Hithersay R, et al. - Investigators assessed an association of dementia with mortality in 70% of candidates with Down syndrome (DS). They proposed the necessity for good health care as APOE ε4 carriers and/or subjects with multiple comorbid health states were observed at elevated risk of dementia and death. They noticed late-onset epilepsy as the only significant factor correlated with death among those who died without a dementia diagnosis.

Methods

• This prospective longitudinal study was performed in a community setting in England.
• They started the data collection on March 29, 2012.
• They censored the cases on December 13, 2017.
• The potential sample consisted of all adults of age 36 years and older from the London Down Syndrome Consortium cohort with 2 data times and dementia status recorded (N=300); 6 withdrew from study, 28 were lost to follow-up, and 55 had a single data collection point at the time of analysis.
• The final sample consisted of 211 candidates, with 503.92 person-years’ follow-up.
• Exposures included dementia status, age, sex, APOE genotype, level of intellectual disability, health variables, and living situation.

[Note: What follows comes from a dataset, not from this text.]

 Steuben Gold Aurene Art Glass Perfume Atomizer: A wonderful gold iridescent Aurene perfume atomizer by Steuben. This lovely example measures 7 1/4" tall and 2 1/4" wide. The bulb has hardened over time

• Main outcomes and measures included crude mortality rates, time to death, and time to dementia diagnosis with proportional hazards of predictors.

Results

• Among 211 cases, 96 were females (45.5%) and 66 (31.3%) had a clinical dementia diagnosis.

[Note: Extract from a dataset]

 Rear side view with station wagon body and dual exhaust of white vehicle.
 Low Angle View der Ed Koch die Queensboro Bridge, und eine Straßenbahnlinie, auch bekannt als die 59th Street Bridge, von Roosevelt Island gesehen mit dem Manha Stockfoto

• A sum of 27 persons (11 female; mean age at death, 56.74 years) died during the study period.
• They observed 70% of the cases with dementia.

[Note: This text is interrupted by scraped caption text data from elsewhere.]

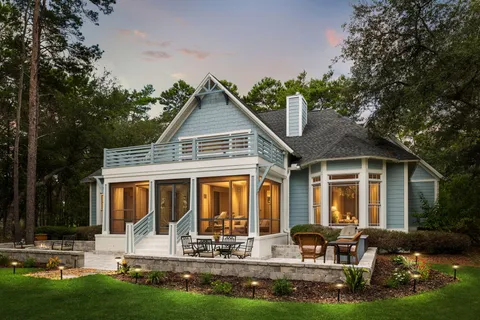 a view of a hallway with wooden floor and stairs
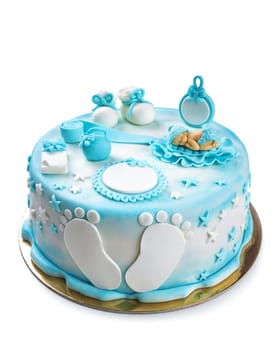 White and blue colored cake with a sleeping baby on top and some feet with booties for a baby's birthday isolated on white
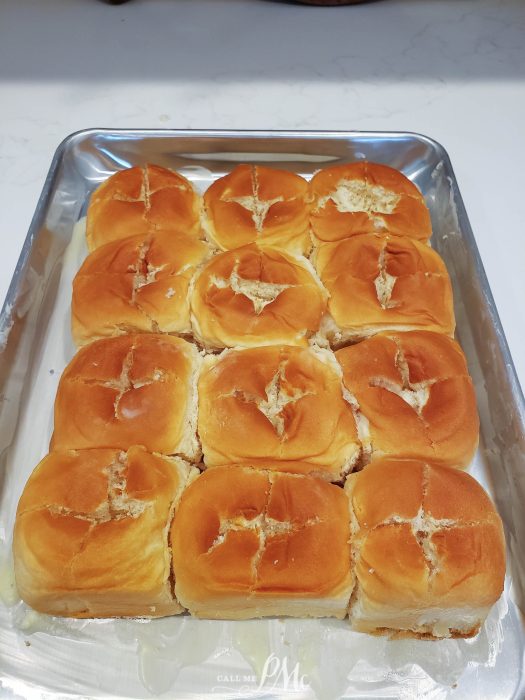 A tray of freshly baked dinner rolls.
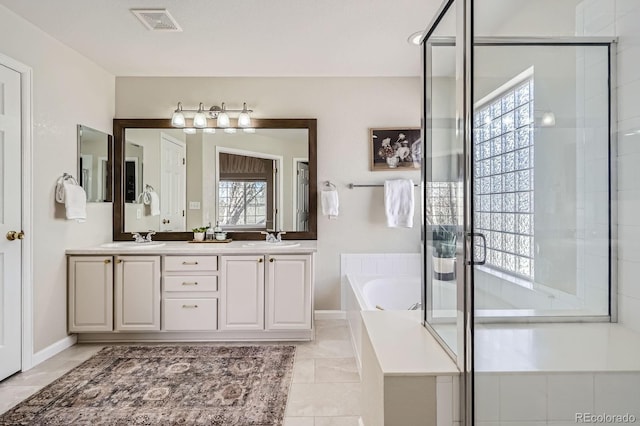 11638 Xavier Way, Westminster, CO 80031 - bathroom with a bath, double vanity, and a shower stall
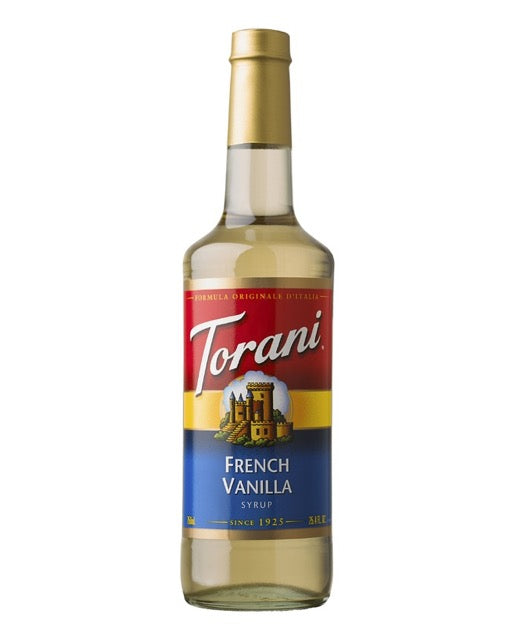 A bottle of Torani French Vanilla Syrup on a plain white background. The bottle is made of clear glass showing the pale yellow liquid inside, topped with a gold cap. 750 mL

• They noted 5 times higher crude mortality rates for individuals with dementia (1191.85 deaths per 10 000 person-years; 95% CI, 1168.49-1215.21) as compared to those without (232.22 deaths per 10 000 person-years; 95% CI, 227.67-236.77).
• APOE ε4 carriers had a 7-fold increased risk of death (hazard ratio [HR], 6.91; 95% CI, 1.756-27.195)for those with dementia .
• Epilepsy with onset after age 36 years was correlated with mortality (HR, 9.66; 95% CI, 1.59-58.56) for those without dementia.
• They found that APOE ε4 carriers (HR, 4.91; 95% CI, 2.53-9.56), adults with early-onset epilepsy (HR, 3.61; 95% CI, 1.12-11.60), multiple health comorbidities (HR, 1.956; 95% CI, 1.087-3.519), and those living with family (HR, 2.14; 95% CI, 1.08-4.20) received significantly earlier dementia diagnoses.